On the flipside, Haart’s ex-husband, Yosef Hendler, and his new wife, Aliza Schulhof, appear to remain on good terms, and agreed to once again appear in the show despite potential criticism back home.
“They understand what I’m trying to do… they want to show that you can be religious and still be part of the outside world,” Haart said. “They’re not mutually exclusive at all.”
And while Haart still refers to her exit from her first marriage as an “escape” and laments having been “controlled” by a man, she harbors no ill will toward Hendler.
“It’s not his fault – he was as much a victim as I was,” Haart said. “We were forced into certain roles by the laws that exist in that world… I was supposed to be subservient to him. He was supposed to ensure that I was fully covered.”
Agunot on screen
Critics of Haart’s portrayal of Orthodox Judaism will likely find fault with certain elements of season 2 as well, including a scene where she meets with Orthodox Jewish activists working on the issue of “agunot,” chained women unable to receive a Jewish writ of divorce.
“In my world, there’s this very traumatic situation called the ‘aguna,’” Haart says in the show. A woman whose husband refuses to divorce her is “literally left alone for the rest of her life unless he gives her a get, and she can’t remarry, and she has no one, and she’s second class.”
While the topic is a touchy one, most of the loudest critical voices on the issue come from within the community.
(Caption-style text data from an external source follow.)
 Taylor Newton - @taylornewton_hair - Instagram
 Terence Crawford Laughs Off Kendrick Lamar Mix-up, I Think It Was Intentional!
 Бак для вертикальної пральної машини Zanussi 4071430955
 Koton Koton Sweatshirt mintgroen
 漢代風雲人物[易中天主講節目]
Haart’s use of the show to spotlight the issue – and oversimplify some of its complexities – as another example of “archaic Jewish laws” is likely to ruffle some feathers.
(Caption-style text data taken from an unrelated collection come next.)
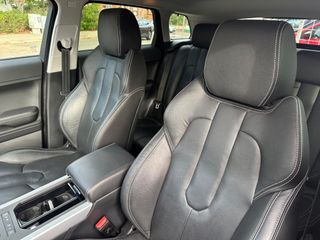 Despiece Range Rover Evoque 2016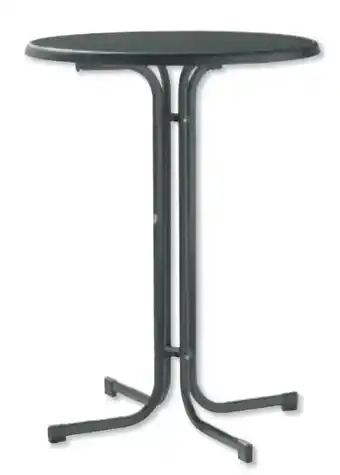 Metro Stehtisch Mecalit Angebot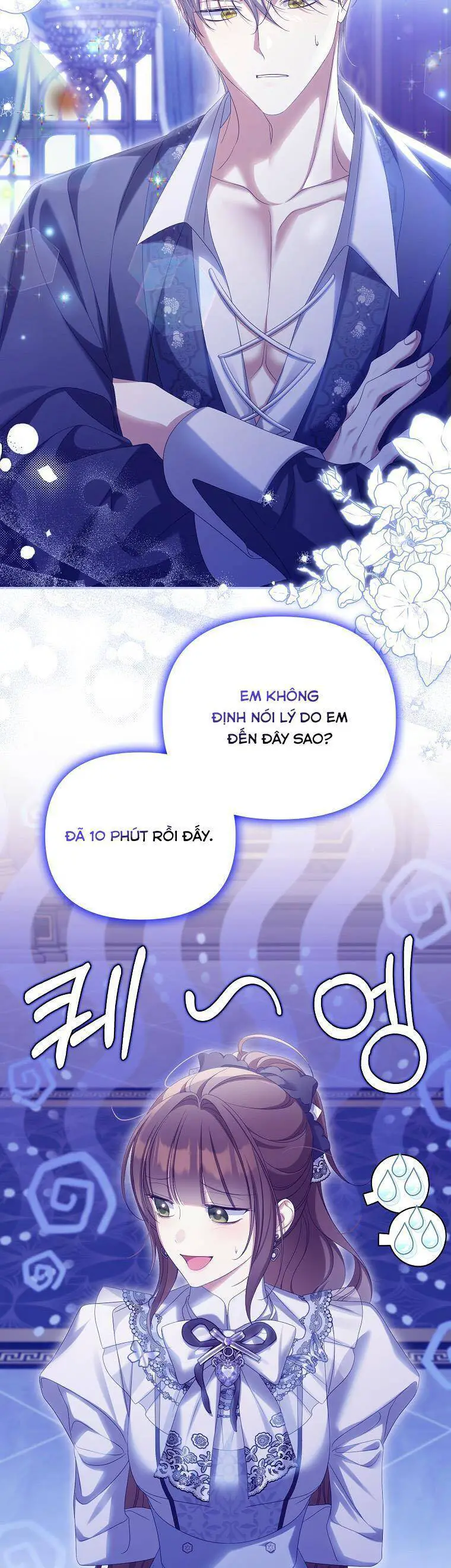 Sao Lại Ám Ảnh Cô Vợ Giả Mạo Quá Vậy? Nettruyen ZZZ Chương 67 Page 42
In contrast to Julia and Scaglia’s messy split, Batsheva and her ex-husband, Ben Weinstein, appear to have reached an amicable decision to part ways. In the show, Batsheva says the pair got married while they were both young and religious, but grew apart in their views on observance.
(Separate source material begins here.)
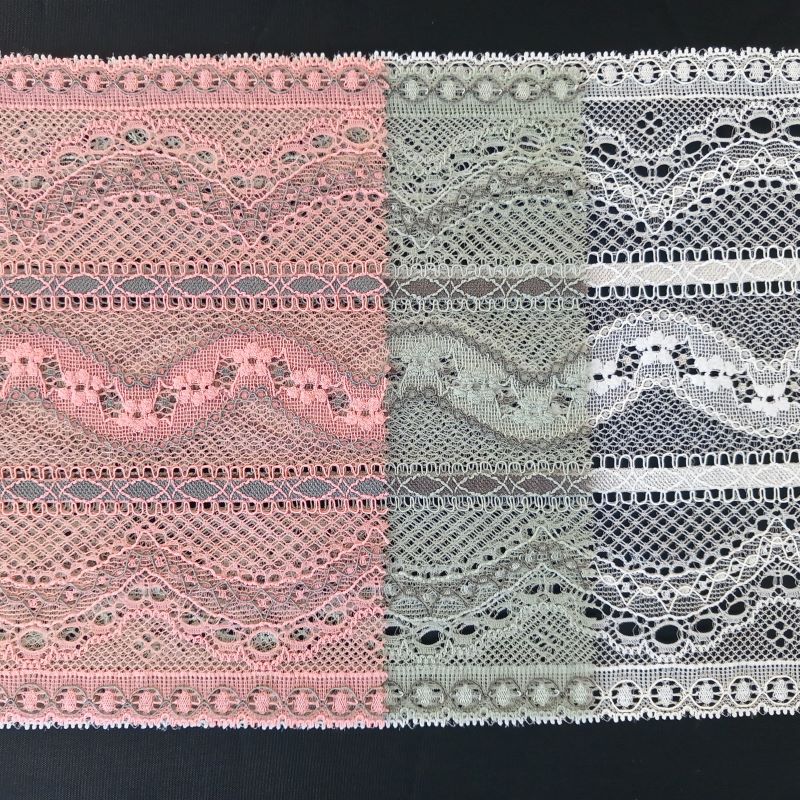 Viscose | Elastic | Width 17 cm | 65646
“We just got married at 19, we both went from ultra-religious to Modern Orthodox, and then at 28 we both wanted different futures — his vision was to have a Modern Orthodox family and to keep full Shabbat and to eat full kosher – and that’s just not what I want,” she said.
“And I realized that for a little while, I was just doing everything out of respect for him. I’m not really religious anymore, I don’t want to raise a family that way… why should I ask him to change what he wants, because I wouldn’t want him to ask me to change either.”
While both Batsheva and Shlomo appear to have moved further away from the religious observance they still held in season one, the youngest family member, Aron, looks to be moving in the opposite direction.
At the end of season one, Aron – who splits his time between his parents – appeared to be embracing his new gender-integrated Modern Orthodox high school in New Jersey. But now he is shifting toward a more observant lifestyle and wants to switch to a full-time yeshiva that focuses largely on Jewish studies and offers only minimal secular education.
Haart is unsurprisingly adamantly set against any such move.
“I want him to have a 21st-century education, and he’s just not gonna get in yeshiva, that’s just a fact,” she said. Haart noted that by next year, once Aron is 17, she would no longer stand in the way of his choice. “I just want him to have the tools. That’s all. I don’t want to force him. I don’t want to change the path of his life. I want him to have the tools.”
In some of the show’s most poignant scenes, Aron argues passionately that his Jewish observance is what brings him joy in life, and that his goal is to become a rebbe, or teacher of Jewish studies, a path which does not require any secular education.
Haart said she will support Aron no matter what he pursues, and she simply wants him to have a range of options available.
“If he doesn’t have a college degree, if he doesn’t have an education, it’s going to make it very difficult to have any jobs other than being a rebbe,” she said. “That’s what I’m trying to avoid. I want him to have options. Nothing more than that.”